I was honoured to organise, introduce and chair this SRHE digital university network event on 22 February 2019 at Queen’s University Belfast. It was the second Digital University Network event to take place here at Queen’s and I hope that it becomes a new tradition for both the SRHE and QUB.

The event hosted three papers, from varying perspectives, to discuss the issue of digitisation and how it has affected the professional work of academics. Since most research on digitisation tends to focus on students, there is now a justifiably growing body of work which examine the impact of digitisation on academics, especially in light of new practices of knowledge production, knowledge distribution, and, more broadly, academic identity formation in current times.
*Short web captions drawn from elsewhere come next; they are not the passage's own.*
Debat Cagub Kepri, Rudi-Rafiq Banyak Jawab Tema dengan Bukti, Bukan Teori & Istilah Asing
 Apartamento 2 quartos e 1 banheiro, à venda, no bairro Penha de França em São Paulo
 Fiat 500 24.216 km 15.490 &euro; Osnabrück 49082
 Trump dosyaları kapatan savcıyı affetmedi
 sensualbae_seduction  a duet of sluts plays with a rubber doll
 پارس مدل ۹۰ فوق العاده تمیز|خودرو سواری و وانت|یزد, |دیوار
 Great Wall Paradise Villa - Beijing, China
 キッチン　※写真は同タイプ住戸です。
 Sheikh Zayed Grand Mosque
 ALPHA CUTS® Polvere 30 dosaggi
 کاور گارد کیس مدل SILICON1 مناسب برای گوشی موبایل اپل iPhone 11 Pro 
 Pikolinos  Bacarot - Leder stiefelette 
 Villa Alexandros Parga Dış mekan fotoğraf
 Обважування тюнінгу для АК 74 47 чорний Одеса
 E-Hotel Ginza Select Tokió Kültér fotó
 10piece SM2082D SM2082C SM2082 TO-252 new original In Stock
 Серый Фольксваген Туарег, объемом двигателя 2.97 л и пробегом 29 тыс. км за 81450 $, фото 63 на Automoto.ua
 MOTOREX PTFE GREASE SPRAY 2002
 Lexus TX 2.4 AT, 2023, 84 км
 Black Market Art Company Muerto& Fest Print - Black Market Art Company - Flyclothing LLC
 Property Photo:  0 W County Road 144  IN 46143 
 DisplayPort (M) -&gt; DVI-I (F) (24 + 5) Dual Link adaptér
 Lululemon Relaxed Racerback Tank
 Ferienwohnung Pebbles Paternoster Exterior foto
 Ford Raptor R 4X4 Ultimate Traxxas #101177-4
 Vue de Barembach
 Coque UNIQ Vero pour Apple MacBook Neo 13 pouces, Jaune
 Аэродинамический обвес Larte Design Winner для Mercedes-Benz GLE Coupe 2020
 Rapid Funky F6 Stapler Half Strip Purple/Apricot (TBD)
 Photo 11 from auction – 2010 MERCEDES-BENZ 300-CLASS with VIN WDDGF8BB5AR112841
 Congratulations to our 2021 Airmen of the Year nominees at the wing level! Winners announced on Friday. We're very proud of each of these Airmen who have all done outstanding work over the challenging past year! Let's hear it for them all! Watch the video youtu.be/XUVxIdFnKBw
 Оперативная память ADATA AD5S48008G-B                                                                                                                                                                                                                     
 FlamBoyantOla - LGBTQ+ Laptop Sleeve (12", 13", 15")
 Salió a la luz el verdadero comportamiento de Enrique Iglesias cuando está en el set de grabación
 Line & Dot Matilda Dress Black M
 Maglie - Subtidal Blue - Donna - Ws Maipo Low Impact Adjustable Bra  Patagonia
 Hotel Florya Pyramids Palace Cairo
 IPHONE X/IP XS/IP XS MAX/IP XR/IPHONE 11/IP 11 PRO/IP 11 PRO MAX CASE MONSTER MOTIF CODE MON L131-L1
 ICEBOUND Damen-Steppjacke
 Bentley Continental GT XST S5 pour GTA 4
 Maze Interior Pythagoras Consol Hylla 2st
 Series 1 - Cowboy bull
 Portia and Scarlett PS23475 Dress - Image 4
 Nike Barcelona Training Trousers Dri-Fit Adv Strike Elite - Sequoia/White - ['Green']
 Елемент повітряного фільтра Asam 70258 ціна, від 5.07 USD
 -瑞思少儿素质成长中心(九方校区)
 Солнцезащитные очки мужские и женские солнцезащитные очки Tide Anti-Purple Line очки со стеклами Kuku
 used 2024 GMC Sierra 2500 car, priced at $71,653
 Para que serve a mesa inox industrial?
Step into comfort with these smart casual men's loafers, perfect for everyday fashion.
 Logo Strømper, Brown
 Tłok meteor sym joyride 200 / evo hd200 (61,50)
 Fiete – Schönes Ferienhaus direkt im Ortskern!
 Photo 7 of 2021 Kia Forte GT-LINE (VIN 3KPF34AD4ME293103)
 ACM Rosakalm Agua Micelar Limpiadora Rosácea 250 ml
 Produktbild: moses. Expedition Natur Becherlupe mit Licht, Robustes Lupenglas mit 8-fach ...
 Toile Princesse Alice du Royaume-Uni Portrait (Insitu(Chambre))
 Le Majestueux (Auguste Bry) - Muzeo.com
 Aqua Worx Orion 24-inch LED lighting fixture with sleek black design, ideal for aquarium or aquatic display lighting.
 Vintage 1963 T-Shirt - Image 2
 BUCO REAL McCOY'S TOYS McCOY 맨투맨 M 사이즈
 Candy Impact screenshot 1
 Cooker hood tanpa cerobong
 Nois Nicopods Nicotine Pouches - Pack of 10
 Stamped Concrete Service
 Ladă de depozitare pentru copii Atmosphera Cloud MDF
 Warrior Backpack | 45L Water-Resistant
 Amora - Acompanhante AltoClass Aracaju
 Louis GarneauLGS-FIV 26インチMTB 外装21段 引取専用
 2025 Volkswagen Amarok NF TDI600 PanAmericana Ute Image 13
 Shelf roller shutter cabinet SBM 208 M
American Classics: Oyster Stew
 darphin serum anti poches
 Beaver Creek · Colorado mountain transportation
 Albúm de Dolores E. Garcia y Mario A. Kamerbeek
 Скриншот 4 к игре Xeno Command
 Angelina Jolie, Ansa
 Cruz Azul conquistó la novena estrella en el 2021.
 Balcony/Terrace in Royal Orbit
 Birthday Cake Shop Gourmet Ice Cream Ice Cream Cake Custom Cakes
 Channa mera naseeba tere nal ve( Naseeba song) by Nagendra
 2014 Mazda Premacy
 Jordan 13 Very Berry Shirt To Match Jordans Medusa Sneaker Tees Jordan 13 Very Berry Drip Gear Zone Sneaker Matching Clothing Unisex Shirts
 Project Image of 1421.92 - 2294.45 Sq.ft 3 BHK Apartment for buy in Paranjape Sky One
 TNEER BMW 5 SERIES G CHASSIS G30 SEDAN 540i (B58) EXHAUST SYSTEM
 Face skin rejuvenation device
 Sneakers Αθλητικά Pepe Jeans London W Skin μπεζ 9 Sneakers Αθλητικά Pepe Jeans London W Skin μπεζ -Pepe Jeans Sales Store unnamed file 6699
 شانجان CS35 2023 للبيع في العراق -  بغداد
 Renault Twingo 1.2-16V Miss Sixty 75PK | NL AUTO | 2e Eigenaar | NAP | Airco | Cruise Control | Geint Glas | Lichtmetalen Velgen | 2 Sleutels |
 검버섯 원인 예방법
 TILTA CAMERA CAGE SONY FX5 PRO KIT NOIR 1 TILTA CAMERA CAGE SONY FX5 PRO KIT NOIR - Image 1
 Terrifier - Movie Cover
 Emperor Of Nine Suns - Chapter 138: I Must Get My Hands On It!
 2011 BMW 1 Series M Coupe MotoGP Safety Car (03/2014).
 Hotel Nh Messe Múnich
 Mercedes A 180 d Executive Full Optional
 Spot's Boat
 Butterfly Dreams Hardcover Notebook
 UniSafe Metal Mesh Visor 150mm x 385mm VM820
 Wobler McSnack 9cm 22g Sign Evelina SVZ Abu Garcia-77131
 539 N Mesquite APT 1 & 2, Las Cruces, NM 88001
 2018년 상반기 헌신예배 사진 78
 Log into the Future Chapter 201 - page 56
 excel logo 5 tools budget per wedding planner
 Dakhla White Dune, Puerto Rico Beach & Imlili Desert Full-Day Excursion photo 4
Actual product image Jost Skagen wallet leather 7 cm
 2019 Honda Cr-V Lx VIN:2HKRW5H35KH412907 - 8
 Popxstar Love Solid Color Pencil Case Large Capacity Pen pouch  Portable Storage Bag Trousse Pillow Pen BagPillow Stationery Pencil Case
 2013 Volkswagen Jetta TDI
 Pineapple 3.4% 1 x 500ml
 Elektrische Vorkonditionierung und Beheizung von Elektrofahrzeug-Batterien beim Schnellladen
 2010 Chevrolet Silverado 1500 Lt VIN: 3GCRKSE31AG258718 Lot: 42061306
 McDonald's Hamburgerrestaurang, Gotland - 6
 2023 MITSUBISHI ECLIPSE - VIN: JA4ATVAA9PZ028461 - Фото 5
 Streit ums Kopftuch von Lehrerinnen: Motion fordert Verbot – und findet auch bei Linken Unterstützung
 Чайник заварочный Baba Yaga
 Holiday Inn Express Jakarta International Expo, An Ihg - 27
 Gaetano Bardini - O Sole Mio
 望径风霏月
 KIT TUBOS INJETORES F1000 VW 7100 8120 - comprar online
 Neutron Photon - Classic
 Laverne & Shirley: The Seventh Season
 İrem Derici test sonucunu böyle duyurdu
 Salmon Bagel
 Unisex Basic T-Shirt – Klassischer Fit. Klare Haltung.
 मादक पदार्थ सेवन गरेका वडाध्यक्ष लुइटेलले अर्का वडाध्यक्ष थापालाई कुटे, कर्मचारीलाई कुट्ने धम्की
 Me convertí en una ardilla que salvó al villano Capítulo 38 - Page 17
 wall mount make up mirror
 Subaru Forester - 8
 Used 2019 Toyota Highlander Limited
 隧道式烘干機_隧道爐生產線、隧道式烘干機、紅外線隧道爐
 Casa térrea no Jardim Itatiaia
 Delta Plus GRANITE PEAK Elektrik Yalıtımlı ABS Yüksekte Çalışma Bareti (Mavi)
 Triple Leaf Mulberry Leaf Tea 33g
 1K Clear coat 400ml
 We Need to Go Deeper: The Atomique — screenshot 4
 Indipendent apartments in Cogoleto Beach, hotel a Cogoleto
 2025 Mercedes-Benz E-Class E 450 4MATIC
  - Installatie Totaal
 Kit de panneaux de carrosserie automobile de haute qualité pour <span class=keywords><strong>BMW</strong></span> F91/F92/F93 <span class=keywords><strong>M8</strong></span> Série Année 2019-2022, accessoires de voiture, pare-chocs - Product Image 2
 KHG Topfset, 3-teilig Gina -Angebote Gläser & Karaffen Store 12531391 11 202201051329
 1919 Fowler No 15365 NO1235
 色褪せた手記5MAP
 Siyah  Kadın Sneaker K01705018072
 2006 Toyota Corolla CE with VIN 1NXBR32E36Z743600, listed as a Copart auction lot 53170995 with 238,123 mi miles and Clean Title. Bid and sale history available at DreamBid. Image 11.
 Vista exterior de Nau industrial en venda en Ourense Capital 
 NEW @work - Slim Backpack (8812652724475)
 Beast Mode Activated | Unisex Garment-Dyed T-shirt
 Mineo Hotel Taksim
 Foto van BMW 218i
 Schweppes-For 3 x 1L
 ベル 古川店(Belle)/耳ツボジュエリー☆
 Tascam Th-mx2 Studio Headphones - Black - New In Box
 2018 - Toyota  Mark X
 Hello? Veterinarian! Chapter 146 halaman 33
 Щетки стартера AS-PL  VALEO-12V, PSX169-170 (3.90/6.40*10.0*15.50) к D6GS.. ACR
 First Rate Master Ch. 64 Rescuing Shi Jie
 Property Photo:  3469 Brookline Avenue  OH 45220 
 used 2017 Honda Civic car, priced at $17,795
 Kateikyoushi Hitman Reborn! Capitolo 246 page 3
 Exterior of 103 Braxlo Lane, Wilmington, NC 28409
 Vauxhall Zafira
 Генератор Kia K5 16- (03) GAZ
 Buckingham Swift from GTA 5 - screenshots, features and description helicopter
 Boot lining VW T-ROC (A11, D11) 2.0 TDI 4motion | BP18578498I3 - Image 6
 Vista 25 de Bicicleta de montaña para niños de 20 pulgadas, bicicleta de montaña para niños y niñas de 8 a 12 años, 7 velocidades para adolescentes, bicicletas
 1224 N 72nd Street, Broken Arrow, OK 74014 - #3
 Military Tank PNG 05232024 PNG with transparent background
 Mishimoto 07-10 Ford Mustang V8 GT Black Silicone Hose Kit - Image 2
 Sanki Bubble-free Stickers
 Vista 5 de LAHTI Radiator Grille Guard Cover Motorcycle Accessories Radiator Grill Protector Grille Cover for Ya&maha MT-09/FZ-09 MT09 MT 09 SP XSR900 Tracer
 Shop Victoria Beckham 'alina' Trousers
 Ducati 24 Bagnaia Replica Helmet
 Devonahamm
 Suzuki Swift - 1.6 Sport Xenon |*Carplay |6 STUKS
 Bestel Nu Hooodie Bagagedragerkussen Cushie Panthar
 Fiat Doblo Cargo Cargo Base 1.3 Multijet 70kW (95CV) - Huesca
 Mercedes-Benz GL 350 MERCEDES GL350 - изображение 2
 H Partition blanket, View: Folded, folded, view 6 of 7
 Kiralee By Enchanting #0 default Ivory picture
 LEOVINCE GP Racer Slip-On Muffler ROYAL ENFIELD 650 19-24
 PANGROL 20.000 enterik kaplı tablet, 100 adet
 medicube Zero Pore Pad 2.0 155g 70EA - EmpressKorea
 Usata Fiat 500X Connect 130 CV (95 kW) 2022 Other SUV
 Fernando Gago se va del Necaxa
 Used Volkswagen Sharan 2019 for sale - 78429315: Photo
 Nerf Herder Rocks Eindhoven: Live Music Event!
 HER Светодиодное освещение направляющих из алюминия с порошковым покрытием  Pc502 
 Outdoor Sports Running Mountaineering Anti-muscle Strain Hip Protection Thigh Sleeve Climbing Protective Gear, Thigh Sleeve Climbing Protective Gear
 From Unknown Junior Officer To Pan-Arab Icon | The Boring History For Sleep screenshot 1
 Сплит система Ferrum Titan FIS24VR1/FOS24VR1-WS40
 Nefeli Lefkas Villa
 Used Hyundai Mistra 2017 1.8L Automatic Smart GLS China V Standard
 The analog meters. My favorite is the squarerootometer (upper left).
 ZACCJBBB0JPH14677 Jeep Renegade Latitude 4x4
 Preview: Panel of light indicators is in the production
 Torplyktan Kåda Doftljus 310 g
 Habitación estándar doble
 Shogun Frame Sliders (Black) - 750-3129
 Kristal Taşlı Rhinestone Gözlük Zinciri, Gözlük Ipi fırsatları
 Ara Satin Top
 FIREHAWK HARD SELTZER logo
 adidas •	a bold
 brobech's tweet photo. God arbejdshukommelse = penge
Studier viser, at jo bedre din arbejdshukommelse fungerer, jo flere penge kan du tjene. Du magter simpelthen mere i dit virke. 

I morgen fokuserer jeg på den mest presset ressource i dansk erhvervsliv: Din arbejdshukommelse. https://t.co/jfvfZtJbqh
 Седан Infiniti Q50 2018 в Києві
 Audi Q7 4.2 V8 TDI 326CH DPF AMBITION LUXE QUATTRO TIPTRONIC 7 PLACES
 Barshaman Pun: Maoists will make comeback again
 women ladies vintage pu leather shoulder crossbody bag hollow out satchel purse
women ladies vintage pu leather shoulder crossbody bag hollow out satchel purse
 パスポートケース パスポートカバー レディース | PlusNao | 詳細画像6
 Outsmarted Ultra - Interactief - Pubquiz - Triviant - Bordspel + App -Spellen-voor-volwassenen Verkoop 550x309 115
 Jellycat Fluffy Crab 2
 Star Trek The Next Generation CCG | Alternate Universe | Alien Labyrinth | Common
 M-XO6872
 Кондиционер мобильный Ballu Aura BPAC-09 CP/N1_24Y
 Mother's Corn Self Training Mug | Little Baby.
In other words, what it means to be an academic and to do academic work.

The event began with the team of the ESRC funded ‘Academics Writing’ project (David Barton, Mary Hamilton (both Lancaster), and myself (QUB)), outlining how digital media and digitisation policies are shaping the knowledge-producing work and professional lives of academics in new and unexpected ways. One focus of this talk was email and how to manage it and experience it as part of professional life in academia. Much of the discussion which emerged was around how universities are managed and how, if at all, academic labour is divided. You can read more about this project’s findings in our new book Academics Writing. I worked on this project and found that it was a great induction into the academic working life!

This was followed by Katy Jordan’s (Open University) paper, which drew on three of her recent projects. The projects  focused on academics’ use of social media platforms for networking, how these engender different types of impact, different types of professional connections and relationships, and how these relate across different discipline groups. Notably, one of Katy’s many findings is that academic online spaces are not ‘democratising’ spaces, but rather spaces where hierarchies are reflected and in some cases algorithmically perpetuated.

Mark Carrigan’s (Cambridge) paper explored how the proliferation of platforms is reshaping social life, particularly in relation to the social sciences and their role within and beyond the university. Among the various perspectives critically explored by Mark were ‘project time’ in academic work, ‘amplification-itis’ where pursuit of online popularity is an end in itself, and overall ’acceleration’ in the academy as a result. You can find out more about Mark’s work here.

The papers together presented arguments about how many of these new practices, brought about through digitisation but also given impetus by deeper changes such as the marketisation and massification of HE, are becoming key indicators against which academic professional success is being measured, with online profiles being factored into an academic’s reputation and potential to influence their own field. This event, therefore, critically explored some of the challenges faced by new and established researchers in understanding what the ‘digital university’ portends for the future of the academic workforce and for scholarly work in general. The scope is quite vast so we hope to cover this theme again in future events to include more international perspectives.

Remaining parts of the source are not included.